The fright of American Jewry is owed also to a new recognition of the reality of antiSemitism. Up to a point, this is as it should be: The happiness of the Jews in the United States certainly demands a regular refreshment of their awareness of evil. There is something a little odd, though, about the shock with which the news of European anti-Semitism has been met, since it is for the Jews the oldest news. There was one blessing, and one blessing only, that the Second World War conferred upon the Jewish people, and it is that the future of the Jewish people forever departed Europe. Anti-Semitism in Europe must be fought, but not with the confidence that this will be a European fight, too. European nationalism includes no conception of the multiethnic state. European culture is permeated with a contempt for otherness. Indeed, the moral incompetence of European culture with regard to otherness now falls more heavily upon Muslims than upon Jews.

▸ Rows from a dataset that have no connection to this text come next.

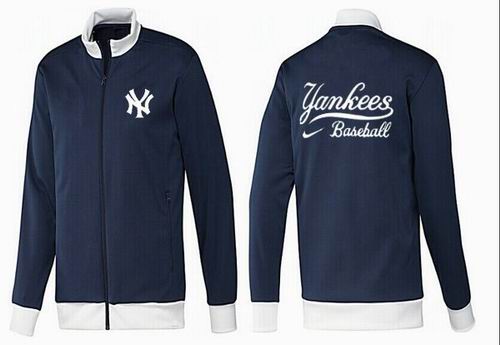 New York Yankees jacket 1408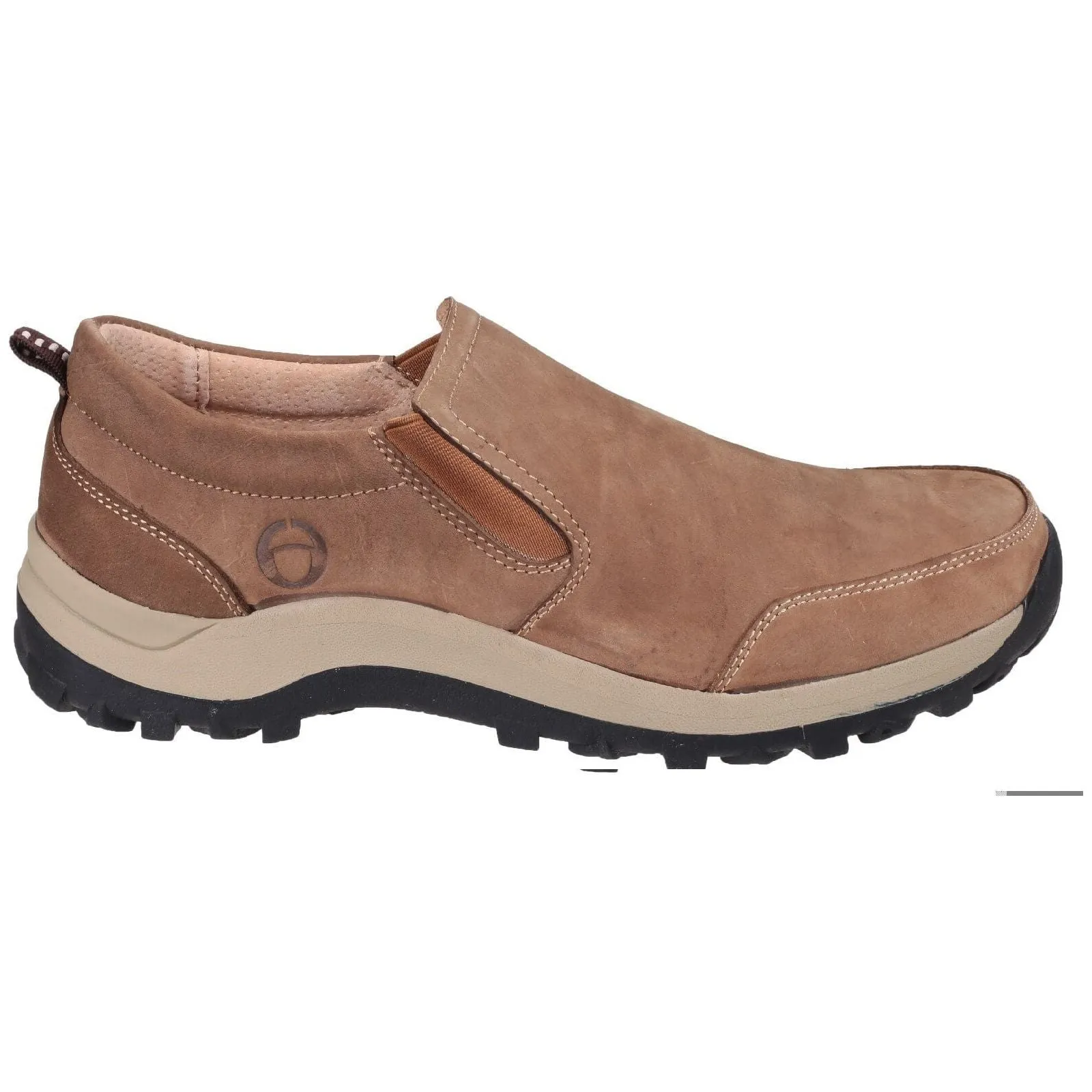 Cotswold Sheepscombe Slip On Shoes Mens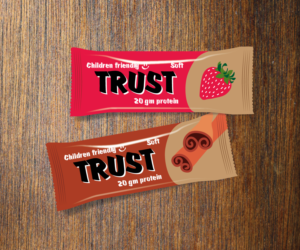Packaging Design by dii for this project | Design: #10098304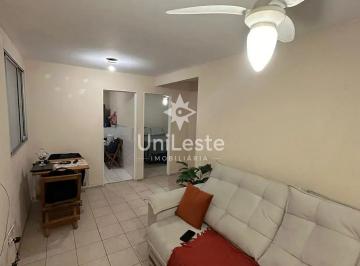 Apartamento de 2 quartos, Belo Horizonte · Apartamento para venda em Santa Efigênia de 65.00m² com 2 Quartos e 1 Garagem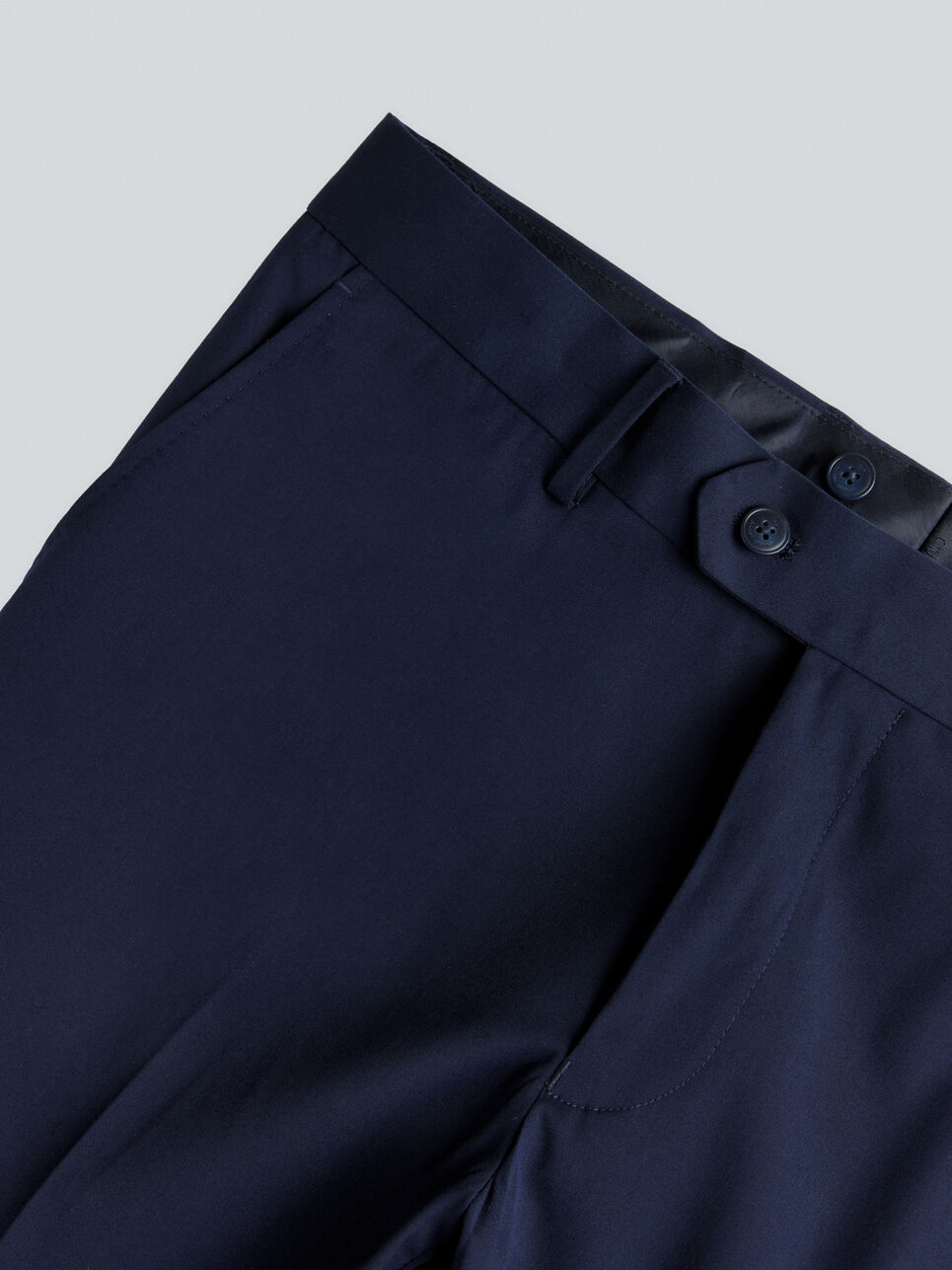 PANTALON PLAIN SLIM PANTALON PLAIN SLIM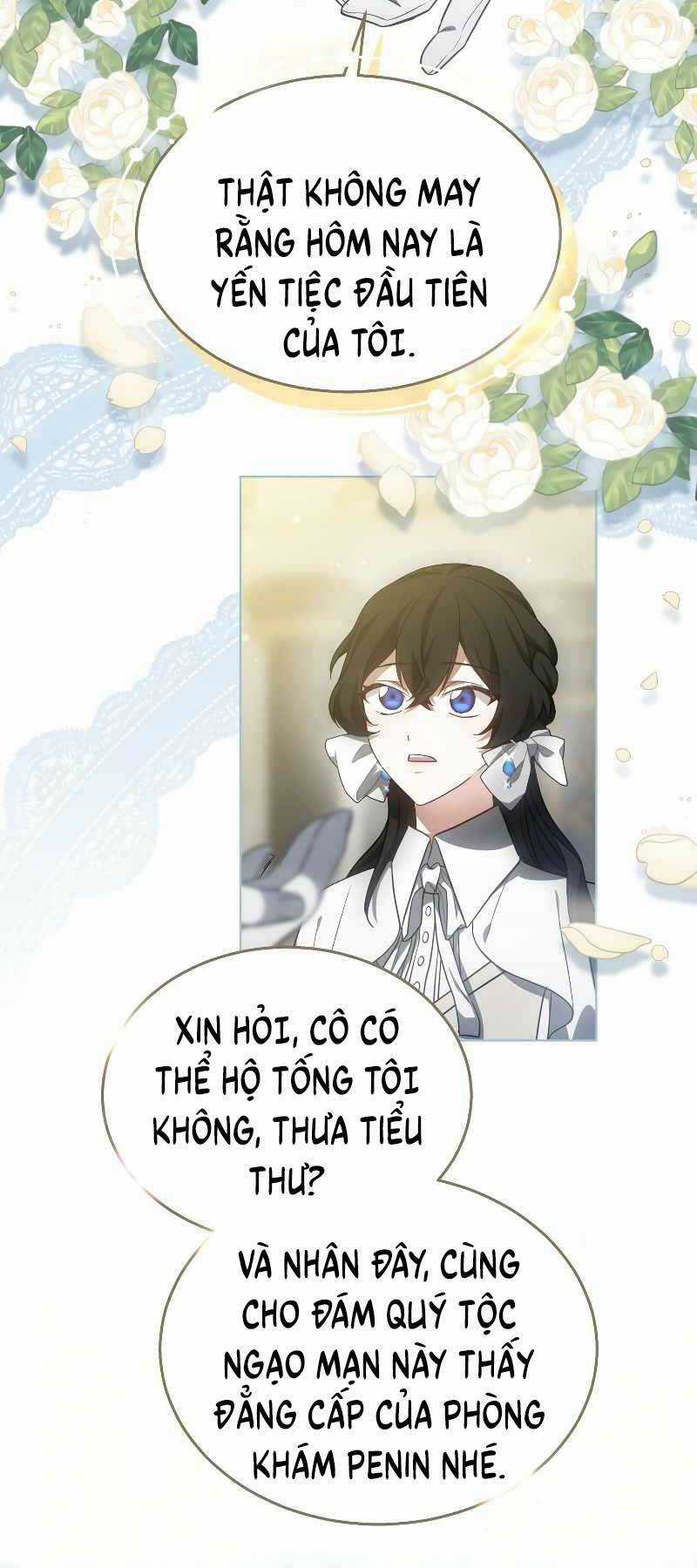 Bác Sĩ Phẫu Thuật Cấp Sss - Chapter 64 - Trang 35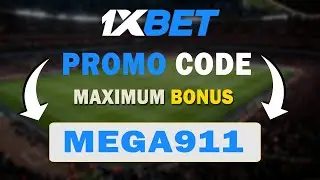 1XBET PROMO CODE. PROMO CODE 1XBET. 1XBET PROMO CODE 2023
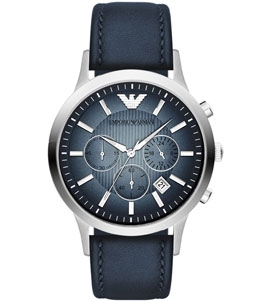 ساعت مچی مردانه امپریو آرمانی اصل| مدل AR2473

The acknowledgment of contemporary anti-Semitism must be followed by an analysis of contemporary anti-Semitism, so that the magnitude of the danger may be soberly assessed. Is the peril "as great, if not greater" than the peril of the 1930s? I do not see it. Jewish history now consists essentially in a competition for the Jewish future between Israel and the United States, between the blandishments of sovereignty and the blandishments of pluralism; it is a friendly competition, and by the standards of Jewish experience it is an embarrassment of riches. In many significant ways, the Jewish present is discontinuous with the Jewish past, and some of these discontinuities will stand among the finest accomplishments of Jewish history, though the ruptures were sometimes very bruising. The predicament of contemporary Jewry cannot be correctly understood except in terms of these saving discontinuities. Anti-Semitism has not disappeared, obviously; but Zionism was not premised on the expectation that anti-Semitism would disappear, it was premised on the expectation that anti-Semitism would not disappear, and in the United States the prejudice has never been granted political or philosophical legitimacy. (It was the legitimacy of Jew-hatred in European society that made it lethal.)

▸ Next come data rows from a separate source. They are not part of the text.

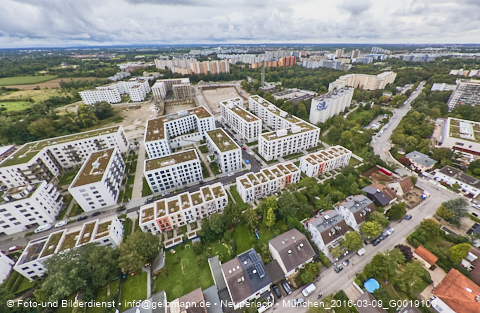 12.09.2024 - Alexisquartier in Neuperlach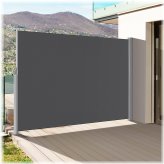 Shade Haven Privacy Screen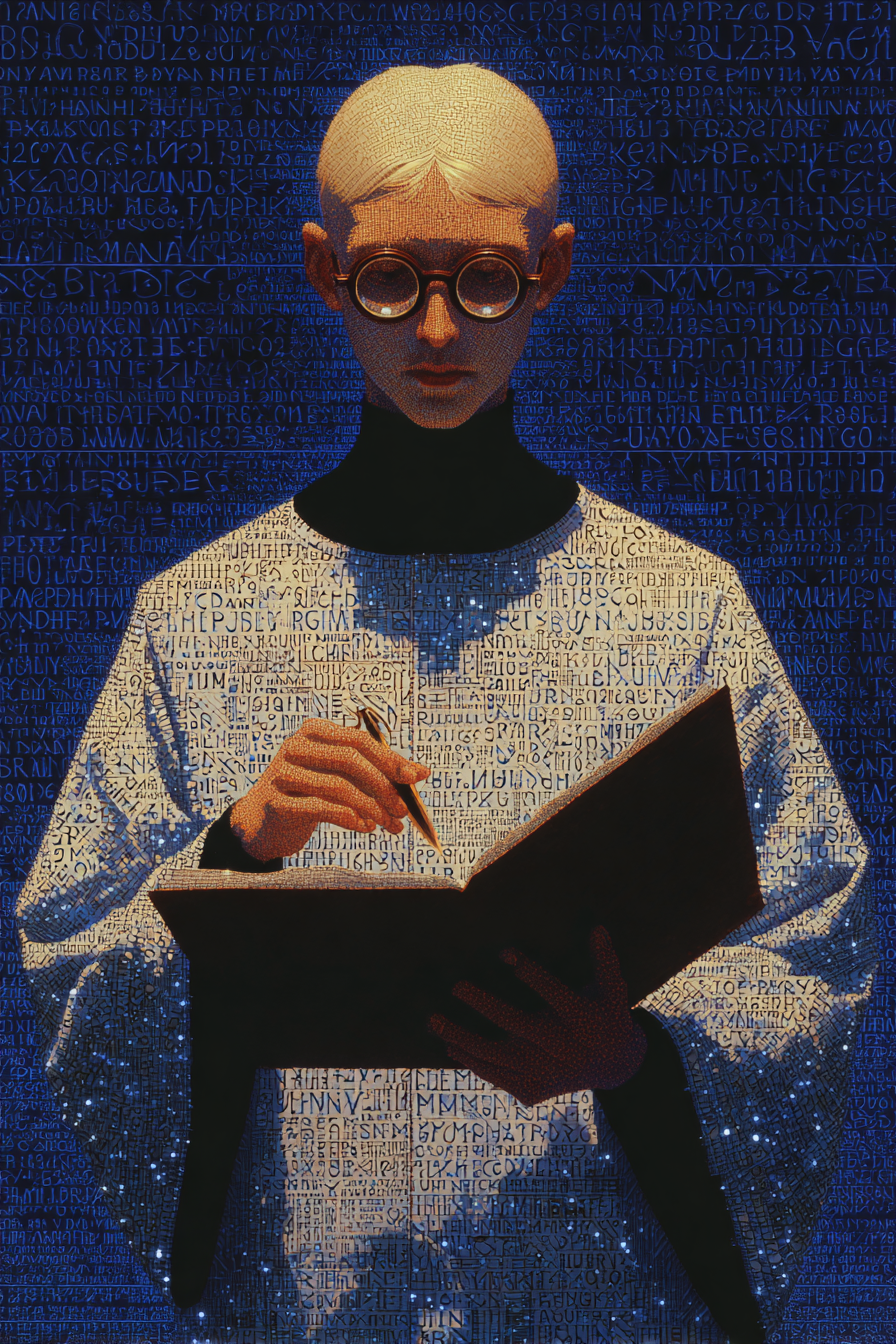 scribe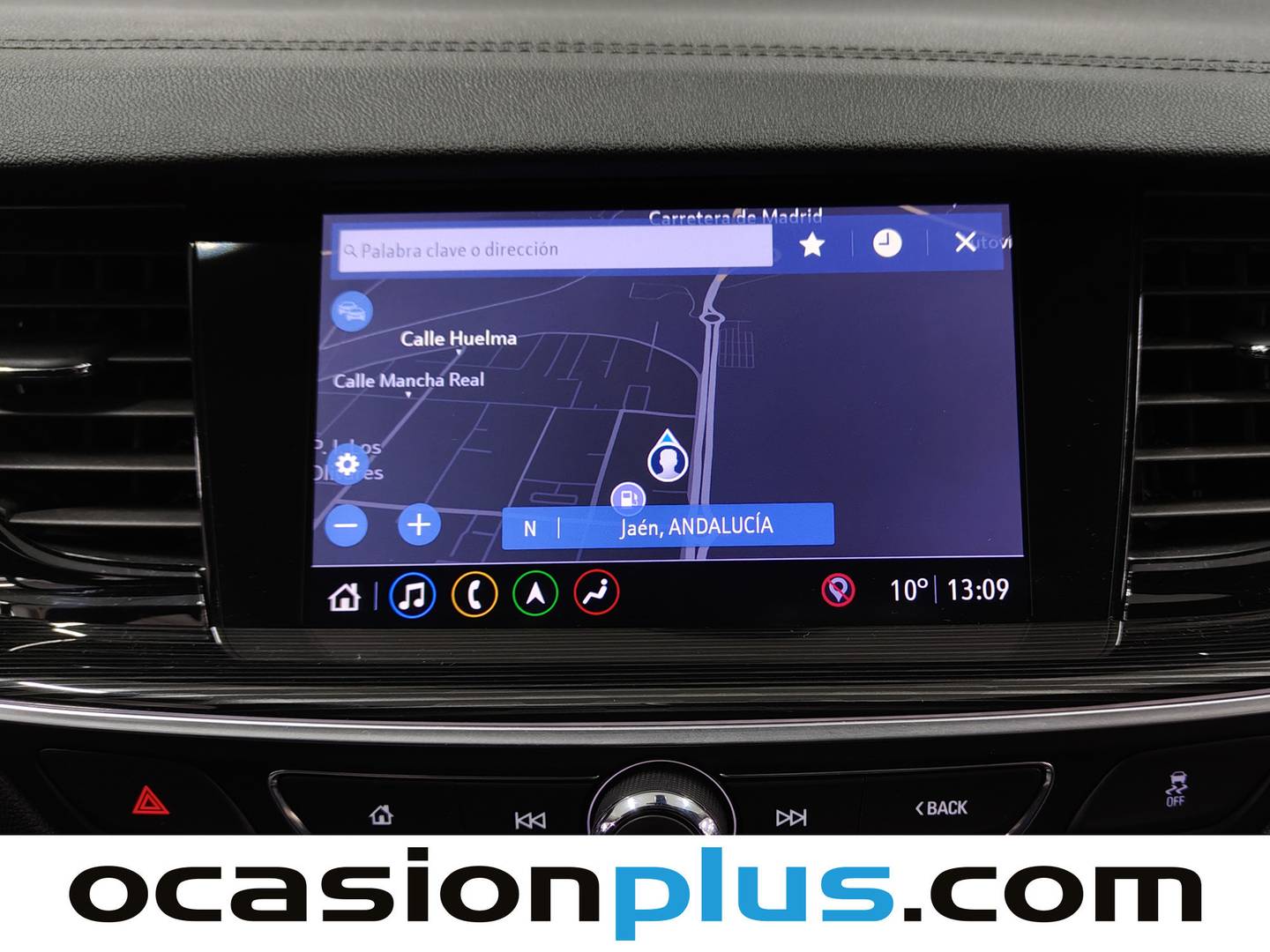 Foto Opel Insignia Opel Insignia 1.5 Turbo XFT Innovation WLTP  (165 CV)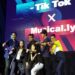 Tik Tok dan musical.ly Berkolaborasi Dukung Kreator Konten Indonesia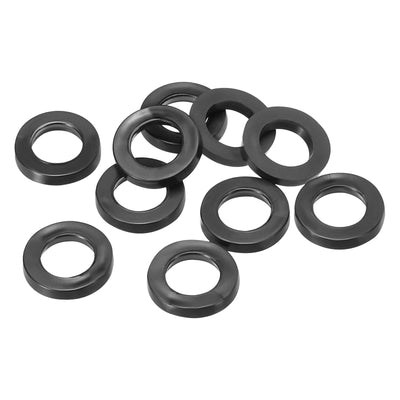 Harfington M32 Rubber Flat Washers 10-Pack Durable Seaing Gaskets image 24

In Israel and in the United States, moreover, the Jews found not only safety, but also strength. The blandishments of pluralism in America have included the fierce and unembarrassed pursuit of Jewish interests, and so brilliantly that the American Jewish community has become the model for what an ethnic group can accomplish in such conditions of freedom. The blandishments of sovereignty in Israel have conspicuously included military power. Suicide bombs are sickening; but it is the Israelis who command an army and an air force, and also a nuclear arsenal. These instruments of warfare are themselves conclusions properly drawn from a severe history in which Jews lacked the means of self-reliance and self-defense. There is nothing vexing about the strength of the Jewish state, though there may be something vexing in the manner in which the Jewish state sometimes (but not often) exercises its strength. And military power has political purposes as well as military purposes.

So Israel has adversaries, but Israel is stronger than its adversaries. That is why the real threat to Israel comes not from Jenin and Gaza, but from Baghdad and Tehran; not from booby-trapped casbahs, but from advanced missile technologies. But not even that threat, and it is grave, can be accurately compared to the plight of the Jews in Hitler's Europe. The comparison breaks down over more than the fact that this time the Jews have a spectacular deterrent. The Jews in the 1930s and 1940s were fighting, when they fought, for nothing more than a splendid death. They knew that the fight was futile, which makes their courage almost unbearable to contemplate. The Jews in Israel have no reason to believe that the fight is futile. And they are fighting for their home.